忍野富士


山梨県忍野村からみた富士山が最も美しいとは、よくいわれていることである。雪の積もった山頂のひだは女性的で、朝の澄んだ空気の中で清らかに輝く。そんな富士山が藁葺屋根の民家の後方にそびえたつのはまさに絶景だ。



15年くらい前、私はそういう富士山を描くために忍野村やその近辺に週末通ったものだった。

金曜日の夜、仕事を終えて家に帰り、風呂にはいったあと、11時くらいに小平市のアパートをでて、ワゴン車で夜の中央高速を西へ向かう。たしか1時くらいに忍野村の無料パーキングに到着する。すでにそこには、何台もの車が止まっている。みんなアマチュアカメラマンたちである。


3時間くらい仮眠を取った後、まだあたりがくらいが現場にスケッチ道具を持って向かう。富士山と藁葺屋根の民家が同じアングルに入るところには小川が流れていて、その小川沿いには、カメラの三脚がずらりと並んでいる。


私は、その一角に三脚を立ててキャンバスを立てて、パレットに絵の具を絞り出して、明るくなるのを待つ。



いつも屋外で使っている水彩画のスケッチ道具はここでは役に立たない。
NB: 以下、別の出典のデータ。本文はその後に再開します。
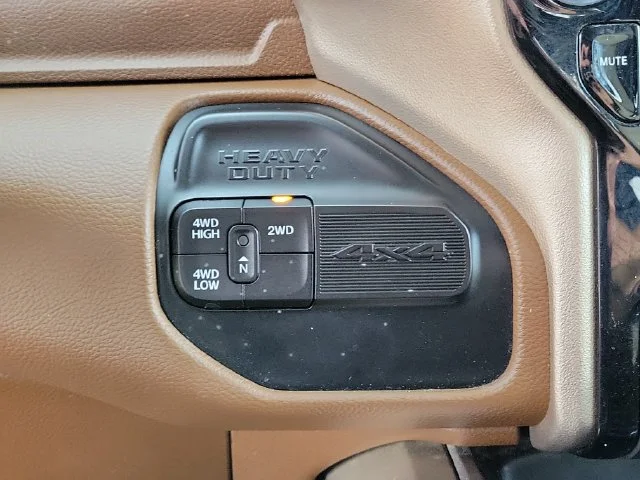 Used 2023 Gray Ram Laramie image 29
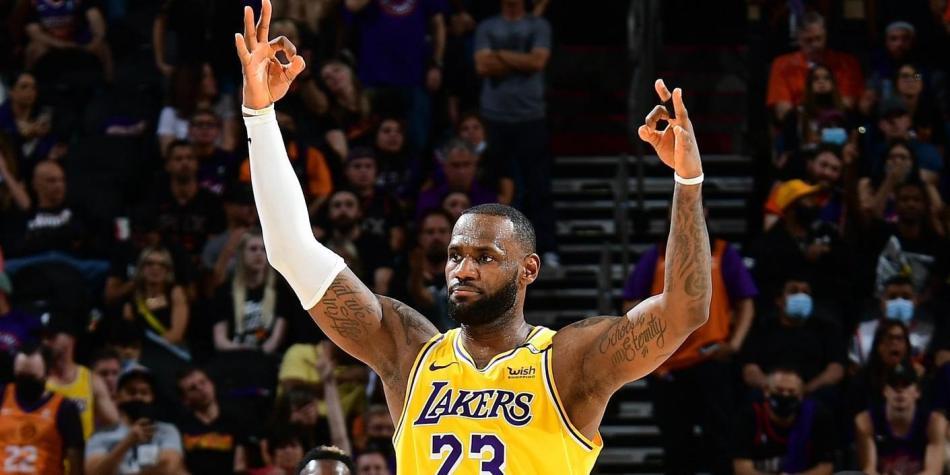 LeBron James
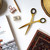 TOOLS to LIVEBY Scissors 6.5" - Gold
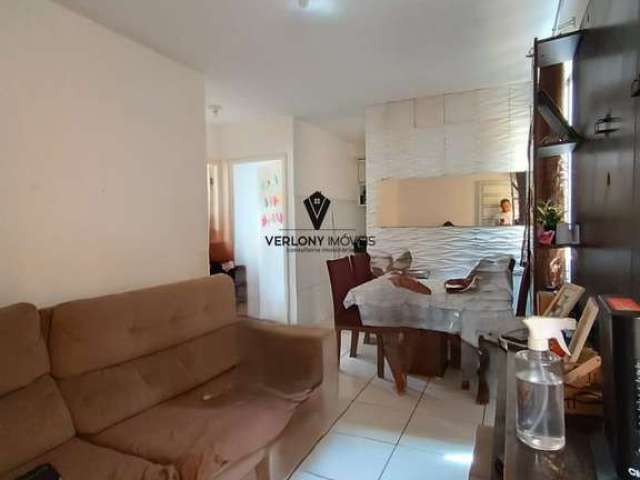 Apartamento 2/4 no Bairro Mansour.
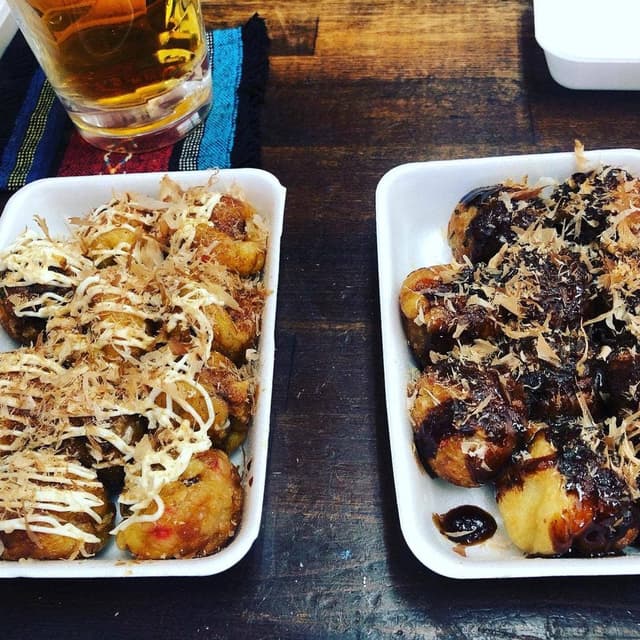 たこ焼き 得心 森野店 - サブ画像1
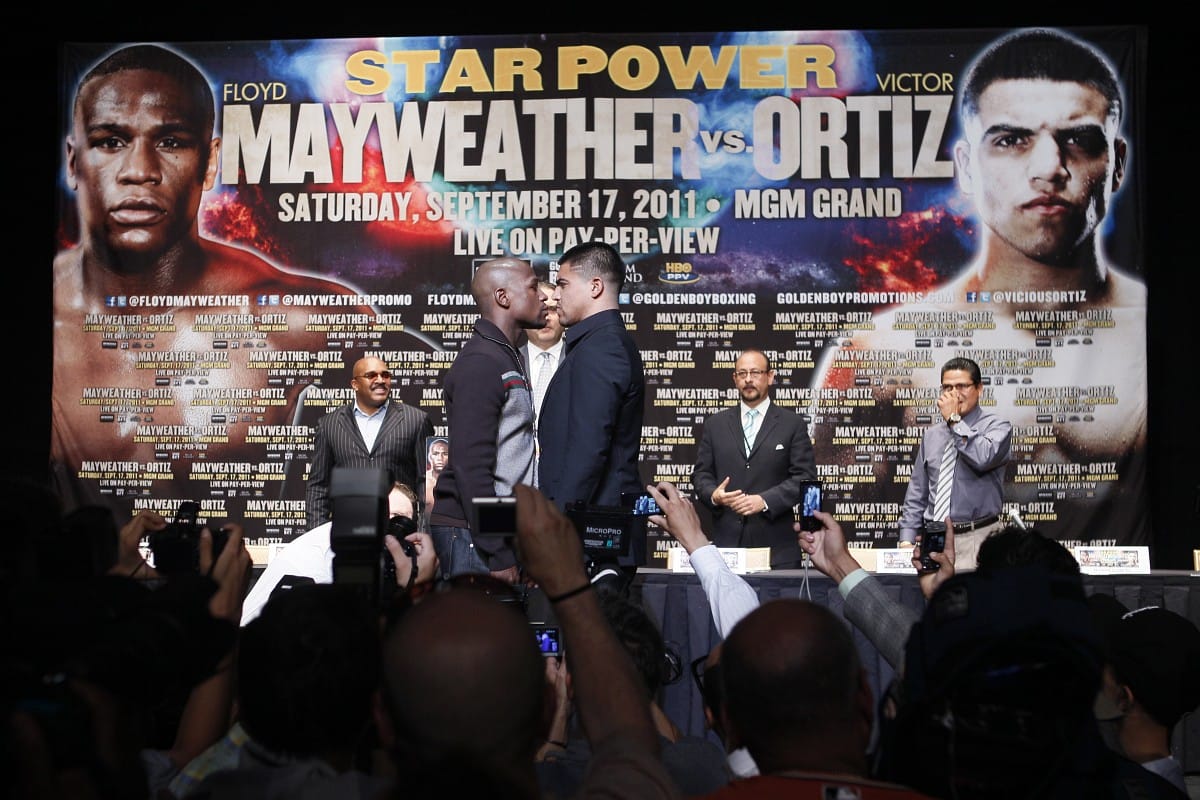 Mayweather-Ortiz: egy kiütés, amiről még sokat fognak vitatkozni - videó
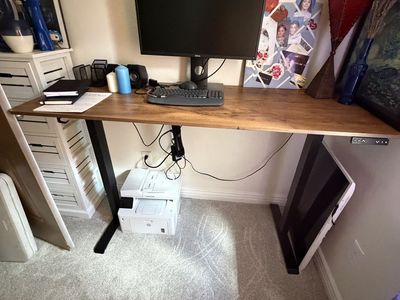 Standing Desk / Adjustable Desk – Needs Repair $50 OBO!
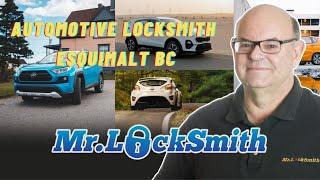 Automotive Locksmith Esquimalt BC (250) 999-8990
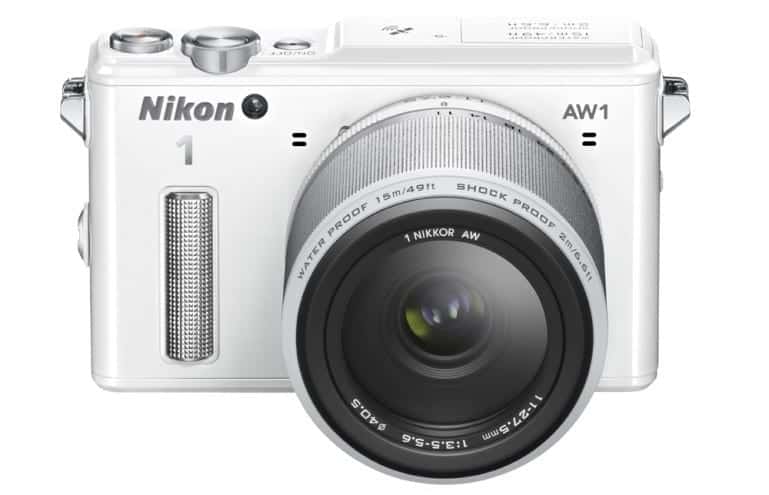Nikon AW1 3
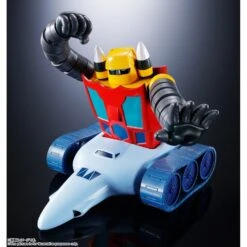 Bandai Soul Of Chogokin GX-91 Getter 2 & Getter 3 21 Bandai Soul Of Chogokin GX-91 Getter 2 & Getter 3 -Japan World Negozio bandai soul of chogokin gx 91 getter 2 getter 3 9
氷点下では水が凍ってしまうから、水彩画によるスケッチはできないのだ。鉛筆でやるか油彩でスケッチするかのどちらかだ。



山を描くためには、天気予報はまったくあてにならない。いくら予報が晴れでも山頂に雲があればそれでだいなしになる。スケッチにも運が必要なのだ。


あたりが明るくなりだしてからの、仕事は忙しい。カメラと違って何枚も作ることはできない。朝の光の移り変わりはあまりにも激しい。1枚を20分くらいで描き上げなければ、どんどん山の様相が変わっていく。これはまるでスポーツだなと思いながらいつも描いていた。


当時の鉛筆スケッチをもとにして、そんなことを思い出しながら描いてみた。